Segment Start: Source data

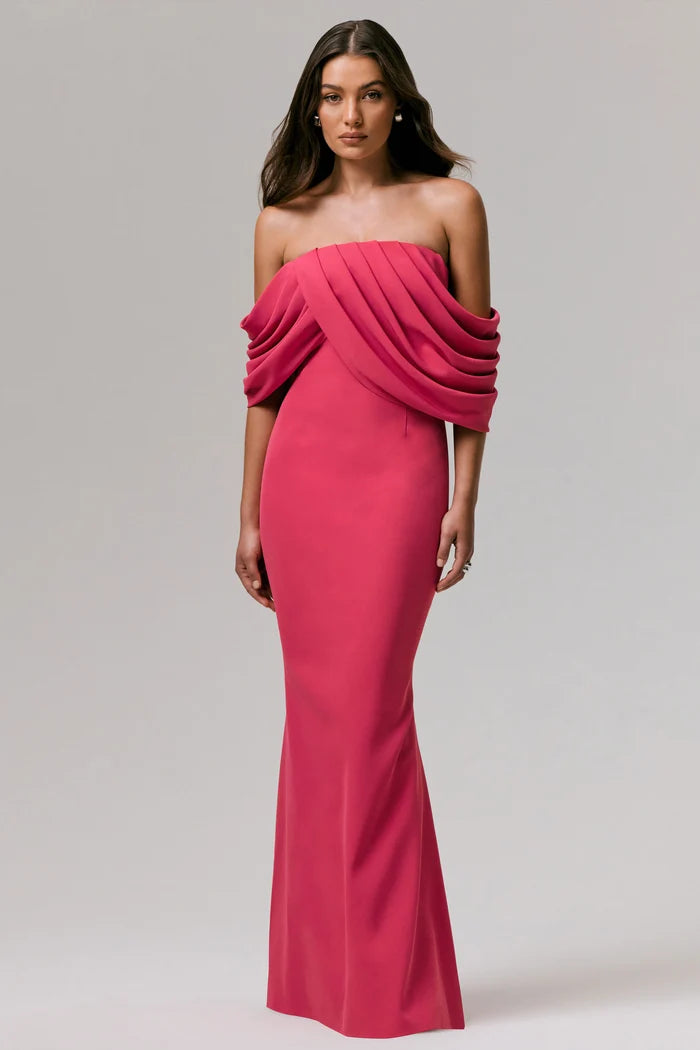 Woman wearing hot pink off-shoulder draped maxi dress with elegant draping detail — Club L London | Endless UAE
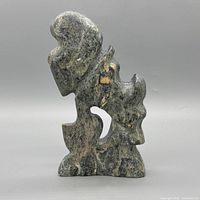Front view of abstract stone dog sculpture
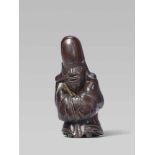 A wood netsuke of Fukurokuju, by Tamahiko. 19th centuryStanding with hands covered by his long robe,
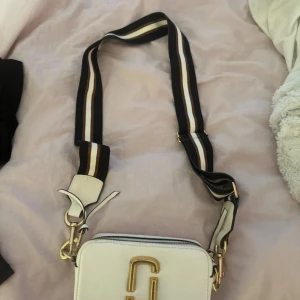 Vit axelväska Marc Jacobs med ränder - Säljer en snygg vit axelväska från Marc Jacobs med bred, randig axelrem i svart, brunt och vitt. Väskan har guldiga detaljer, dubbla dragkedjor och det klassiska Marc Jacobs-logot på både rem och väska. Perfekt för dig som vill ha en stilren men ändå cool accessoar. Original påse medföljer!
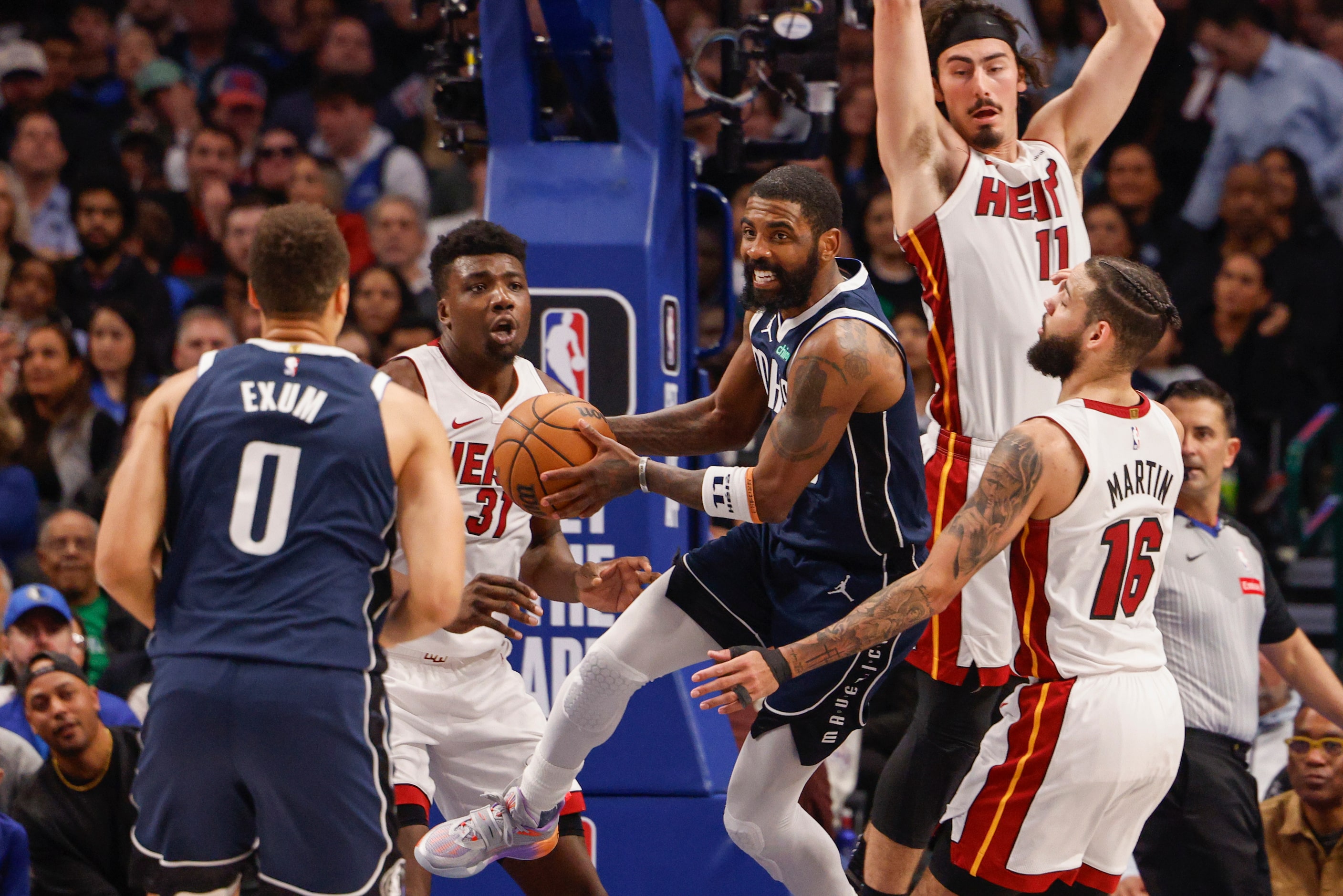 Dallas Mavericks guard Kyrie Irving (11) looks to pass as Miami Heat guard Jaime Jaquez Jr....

Segment End: Source data
Segment Start: Source data

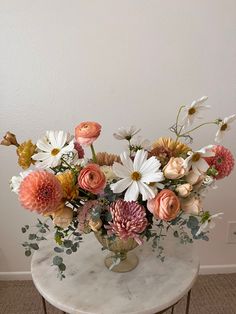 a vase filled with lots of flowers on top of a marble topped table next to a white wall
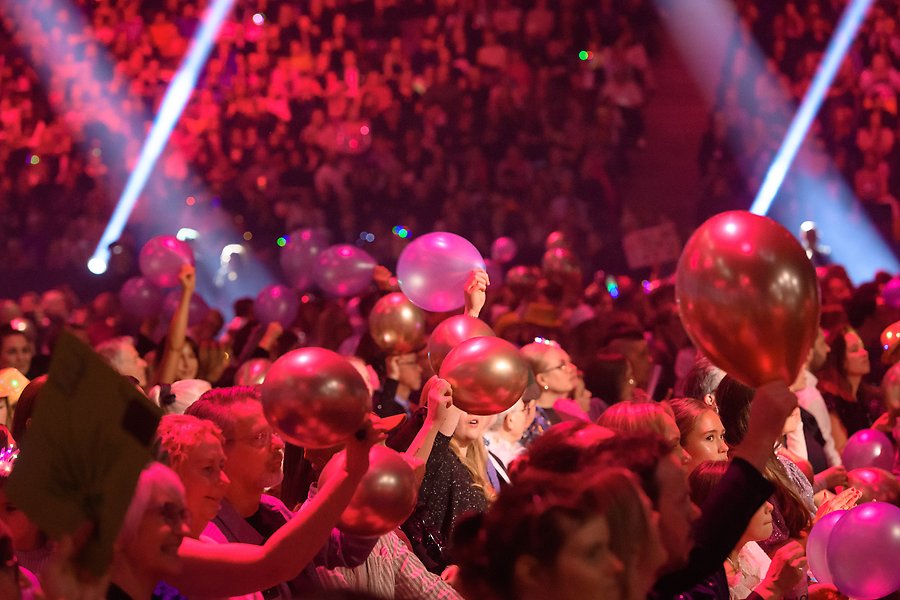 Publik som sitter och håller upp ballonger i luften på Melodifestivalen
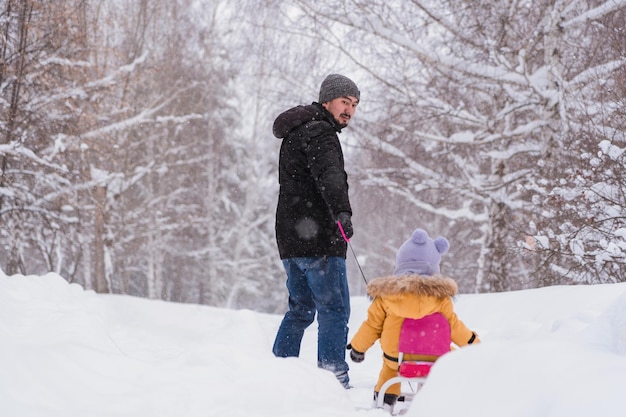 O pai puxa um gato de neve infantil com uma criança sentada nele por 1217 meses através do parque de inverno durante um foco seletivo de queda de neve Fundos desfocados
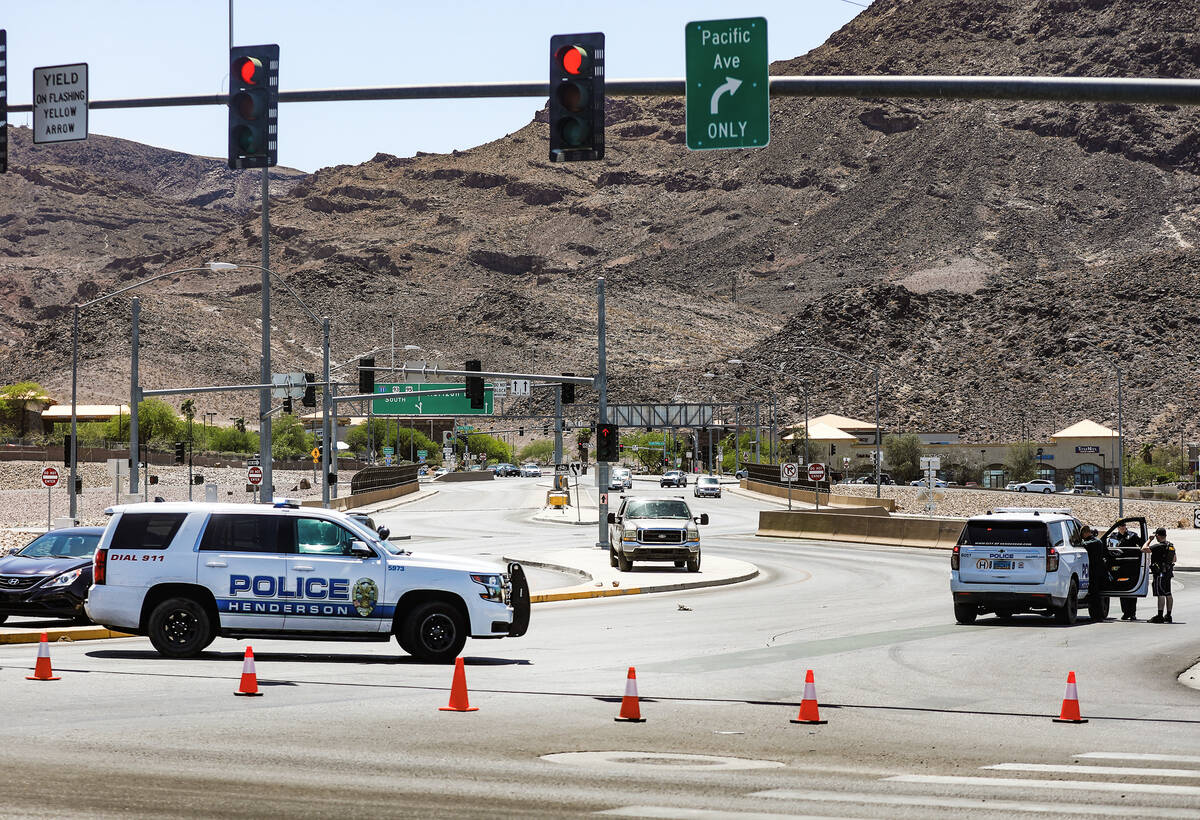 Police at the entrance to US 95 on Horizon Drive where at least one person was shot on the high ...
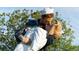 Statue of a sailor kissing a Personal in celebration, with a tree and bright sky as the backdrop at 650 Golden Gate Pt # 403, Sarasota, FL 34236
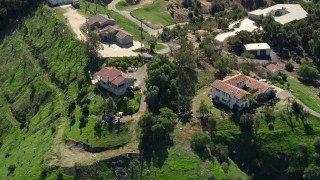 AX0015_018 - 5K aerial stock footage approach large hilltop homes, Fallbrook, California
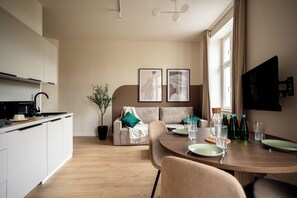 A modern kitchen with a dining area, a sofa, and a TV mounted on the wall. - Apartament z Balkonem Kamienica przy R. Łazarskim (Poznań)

Segment End: Source data
Segment Start: Source data

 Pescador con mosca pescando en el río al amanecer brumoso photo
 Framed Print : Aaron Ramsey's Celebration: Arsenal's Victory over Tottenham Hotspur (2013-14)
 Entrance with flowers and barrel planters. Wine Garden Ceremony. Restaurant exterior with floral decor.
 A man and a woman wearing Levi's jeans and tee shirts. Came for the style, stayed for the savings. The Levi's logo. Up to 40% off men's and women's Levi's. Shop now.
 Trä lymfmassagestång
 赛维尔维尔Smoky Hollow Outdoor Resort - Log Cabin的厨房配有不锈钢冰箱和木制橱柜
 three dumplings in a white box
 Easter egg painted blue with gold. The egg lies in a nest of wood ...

Segment End: Source data

Work required: Word for word, restate the lines above from the one with "a vase filled" through the one with "A modern kitchen", keeping both ends and dropping the pictures.

Solution below:
 a vase filled with lots of flowers on top of a marble topped table next to a white wall
 Publik som sitter och håller upp ballonger i luften på Melodifestivalen
 O pai puxa um gato de neve infantil com uma criança sentada nele por 1217 meses através do parque de inverno durante um foco seletivo de queda de neve Fundos desfocados
 Police at the entrance to US 95 on Horizon Drive where at least one person was shot on the high ...
 Statue of a sailor kissing a Personal in celebration, with a tree and bright sky as the backdrop at 650 Golden Gate Pt # 403, Sarasota, FL 34236
 AX0015_018 - 5K aerial stock footage approach large hilltop homes, Fallbrook, California
 A modern kitchen with a dining area, a sofa, and a TV mounted on the wall. - Apartament z Balkonem Kamienica przy R. Łazarskim (Poznań)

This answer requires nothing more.